Work order ▸
Your task is to copy every line of the records below that contains "Teddy".
====== Material provided
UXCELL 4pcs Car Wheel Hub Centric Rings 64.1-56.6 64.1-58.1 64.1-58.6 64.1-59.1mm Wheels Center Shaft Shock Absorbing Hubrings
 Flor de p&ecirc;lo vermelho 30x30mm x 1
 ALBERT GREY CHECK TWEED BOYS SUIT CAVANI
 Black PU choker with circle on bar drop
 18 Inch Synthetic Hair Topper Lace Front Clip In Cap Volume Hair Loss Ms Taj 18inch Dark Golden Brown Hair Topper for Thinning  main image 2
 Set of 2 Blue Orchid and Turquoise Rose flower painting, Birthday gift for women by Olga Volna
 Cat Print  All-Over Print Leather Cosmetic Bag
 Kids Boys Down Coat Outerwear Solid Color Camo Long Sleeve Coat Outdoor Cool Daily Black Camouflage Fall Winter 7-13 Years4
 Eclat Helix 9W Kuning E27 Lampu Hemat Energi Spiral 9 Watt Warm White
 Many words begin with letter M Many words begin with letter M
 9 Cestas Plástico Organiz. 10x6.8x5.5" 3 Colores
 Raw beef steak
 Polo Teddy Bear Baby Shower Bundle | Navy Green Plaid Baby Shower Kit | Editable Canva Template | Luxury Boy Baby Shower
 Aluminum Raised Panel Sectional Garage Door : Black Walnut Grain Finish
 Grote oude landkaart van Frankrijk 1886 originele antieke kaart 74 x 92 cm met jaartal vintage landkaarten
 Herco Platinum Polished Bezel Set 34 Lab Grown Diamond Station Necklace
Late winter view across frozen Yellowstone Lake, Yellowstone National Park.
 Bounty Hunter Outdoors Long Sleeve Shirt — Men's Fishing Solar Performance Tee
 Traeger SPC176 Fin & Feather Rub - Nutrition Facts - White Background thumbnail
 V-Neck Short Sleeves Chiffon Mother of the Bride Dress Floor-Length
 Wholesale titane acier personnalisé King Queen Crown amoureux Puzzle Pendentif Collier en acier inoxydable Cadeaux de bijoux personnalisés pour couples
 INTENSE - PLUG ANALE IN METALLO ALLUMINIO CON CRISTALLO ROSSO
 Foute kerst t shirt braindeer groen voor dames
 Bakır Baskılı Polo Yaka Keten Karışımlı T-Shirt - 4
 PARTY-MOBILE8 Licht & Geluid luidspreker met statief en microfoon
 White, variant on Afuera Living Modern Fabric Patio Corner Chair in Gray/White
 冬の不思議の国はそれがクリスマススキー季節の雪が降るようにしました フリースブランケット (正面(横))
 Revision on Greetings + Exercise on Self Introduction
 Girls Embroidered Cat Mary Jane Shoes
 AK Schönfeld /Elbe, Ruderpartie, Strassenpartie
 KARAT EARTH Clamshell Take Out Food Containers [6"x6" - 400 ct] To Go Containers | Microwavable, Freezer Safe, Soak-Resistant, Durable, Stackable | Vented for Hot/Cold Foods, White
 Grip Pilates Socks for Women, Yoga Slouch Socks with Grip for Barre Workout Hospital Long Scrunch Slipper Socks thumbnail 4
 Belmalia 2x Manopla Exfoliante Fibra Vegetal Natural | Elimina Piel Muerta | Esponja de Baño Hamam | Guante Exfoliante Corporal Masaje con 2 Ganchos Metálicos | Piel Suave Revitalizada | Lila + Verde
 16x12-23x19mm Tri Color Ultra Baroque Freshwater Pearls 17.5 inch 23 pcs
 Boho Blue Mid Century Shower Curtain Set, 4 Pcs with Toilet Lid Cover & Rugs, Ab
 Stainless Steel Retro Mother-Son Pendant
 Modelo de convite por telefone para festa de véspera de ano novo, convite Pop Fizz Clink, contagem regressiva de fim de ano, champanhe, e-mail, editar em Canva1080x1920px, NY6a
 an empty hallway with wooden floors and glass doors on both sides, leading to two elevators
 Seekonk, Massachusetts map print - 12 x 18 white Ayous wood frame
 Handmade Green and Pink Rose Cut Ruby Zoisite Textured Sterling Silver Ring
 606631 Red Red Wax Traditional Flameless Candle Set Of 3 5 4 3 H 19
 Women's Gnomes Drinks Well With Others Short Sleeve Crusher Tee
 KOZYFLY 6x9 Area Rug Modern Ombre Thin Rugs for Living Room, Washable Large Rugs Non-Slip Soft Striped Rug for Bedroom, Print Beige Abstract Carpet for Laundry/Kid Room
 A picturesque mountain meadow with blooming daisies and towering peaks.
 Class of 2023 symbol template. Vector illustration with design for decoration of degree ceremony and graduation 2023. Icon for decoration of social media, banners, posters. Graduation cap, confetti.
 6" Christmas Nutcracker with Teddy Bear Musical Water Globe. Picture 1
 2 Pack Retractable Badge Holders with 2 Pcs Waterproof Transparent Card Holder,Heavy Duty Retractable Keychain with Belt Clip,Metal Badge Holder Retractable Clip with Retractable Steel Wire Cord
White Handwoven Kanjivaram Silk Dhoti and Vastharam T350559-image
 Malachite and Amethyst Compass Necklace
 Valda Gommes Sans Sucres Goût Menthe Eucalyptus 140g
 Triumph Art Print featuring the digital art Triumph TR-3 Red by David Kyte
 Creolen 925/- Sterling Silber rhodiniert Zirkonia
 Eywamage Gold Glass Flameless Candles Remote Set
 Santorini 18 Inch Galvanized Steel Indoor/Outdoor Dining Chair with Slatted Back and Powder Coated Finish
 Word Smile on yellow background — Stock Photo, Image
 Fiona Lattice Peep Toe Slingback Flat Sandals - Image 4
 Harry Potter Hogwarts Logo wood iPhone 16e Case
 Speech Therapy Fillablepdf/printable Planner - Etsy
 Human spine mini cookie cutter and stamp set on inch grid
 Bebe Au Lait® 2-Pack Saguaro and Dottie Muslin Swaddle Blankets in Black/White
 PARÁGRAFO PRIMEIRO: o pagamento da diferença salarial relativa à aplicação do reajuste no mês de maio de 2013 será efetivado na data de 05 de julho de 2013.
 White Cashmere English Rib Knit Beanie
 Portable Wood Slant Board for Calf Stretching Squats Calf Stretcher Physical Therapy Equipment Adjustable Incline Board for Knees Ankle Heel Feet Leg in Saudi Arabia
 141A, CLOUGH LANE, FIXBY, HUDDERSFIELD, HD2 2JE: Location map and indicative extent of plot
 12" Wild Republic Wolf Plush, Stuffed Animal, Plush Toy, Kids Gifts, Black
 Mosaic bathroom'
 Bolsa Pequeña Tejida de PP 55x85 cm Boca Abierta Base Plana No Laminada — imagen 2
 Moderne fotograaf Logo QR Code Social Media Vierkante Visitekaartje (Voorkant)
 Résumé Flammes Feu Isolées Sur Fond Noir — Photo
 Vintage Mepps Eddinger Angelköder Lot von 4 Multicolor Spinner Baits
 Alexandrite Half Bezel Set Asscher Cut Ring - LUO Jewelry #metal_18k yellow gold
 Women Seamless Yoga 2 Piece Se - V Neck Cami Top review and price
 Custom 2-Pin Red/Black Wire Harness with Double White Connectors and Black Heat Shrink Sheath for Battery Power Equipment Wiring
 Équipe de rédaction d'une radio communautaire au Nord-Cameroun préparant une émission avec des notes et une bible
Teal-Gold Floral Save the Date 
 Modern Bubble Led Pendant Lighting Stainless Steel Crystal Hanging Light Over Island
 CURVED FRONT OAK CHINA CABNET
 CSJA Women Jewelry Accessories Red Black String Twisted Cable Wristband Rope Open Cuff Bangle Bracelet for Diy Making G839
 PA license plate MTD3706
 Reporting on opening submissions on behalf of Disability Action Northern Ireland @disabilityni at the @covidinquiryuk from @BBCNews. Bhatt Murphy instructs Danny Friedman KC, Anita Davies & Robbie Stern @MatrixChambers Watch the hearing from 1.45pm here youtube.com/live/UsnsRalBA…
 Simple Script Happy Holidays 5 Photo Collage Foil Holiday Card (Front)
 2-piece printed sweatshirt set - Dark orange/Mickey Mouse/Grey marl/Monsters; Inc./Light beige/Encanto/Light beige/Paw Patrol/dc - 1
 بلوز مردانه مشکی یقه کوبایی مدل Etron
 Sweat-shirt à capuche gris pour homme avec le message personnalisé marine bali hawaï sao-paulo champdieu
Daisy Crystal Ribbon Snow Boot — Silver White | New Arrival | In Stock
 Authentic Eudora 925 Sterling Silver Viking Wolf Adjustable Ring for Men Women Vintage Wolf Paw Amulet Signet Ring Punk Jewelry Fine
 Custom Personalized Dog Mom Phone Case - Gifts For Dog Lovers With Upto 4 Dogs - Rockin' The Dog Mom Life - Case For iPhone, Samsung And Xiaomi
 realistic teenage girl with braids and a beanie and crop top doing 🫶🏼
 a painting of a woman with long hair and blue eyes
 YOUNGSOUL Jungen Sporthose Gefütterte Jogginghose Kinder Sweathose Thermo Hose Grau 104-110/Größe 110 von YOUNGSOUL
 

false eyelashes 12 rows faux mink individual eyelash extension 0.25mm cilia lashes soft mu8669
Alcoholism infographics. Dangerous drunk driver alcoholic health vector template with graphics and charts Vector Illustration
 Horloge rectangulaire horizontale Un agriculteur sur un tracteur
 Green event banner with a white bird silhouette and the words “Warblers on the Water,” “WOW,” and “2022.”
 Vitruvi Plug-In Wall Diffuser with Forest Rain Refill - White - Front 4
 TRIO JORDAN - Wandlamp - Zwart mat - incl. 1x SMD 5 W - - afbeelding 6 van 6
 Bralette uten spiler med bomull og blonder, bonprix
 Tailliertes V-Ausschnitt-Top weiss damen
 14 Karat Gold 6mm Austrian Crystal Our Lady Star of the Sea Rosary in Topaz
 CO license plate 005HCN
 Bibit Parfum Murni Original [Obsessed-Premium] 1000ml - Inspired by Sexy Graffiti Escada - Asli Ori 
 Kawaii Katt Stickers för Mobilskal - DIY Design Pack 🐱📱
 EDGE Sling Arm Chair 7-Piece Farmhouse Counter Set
============
Expected output ▸
 Polo Teddy Bear Baby Shower Bundle | Navy Green Plaid Baby Shower Kit | Editable Canva Template | Luxury Boy Baby Shower
 6" Christmas Nutcracker with Teddy Bear Musical Water Globe. Picture 1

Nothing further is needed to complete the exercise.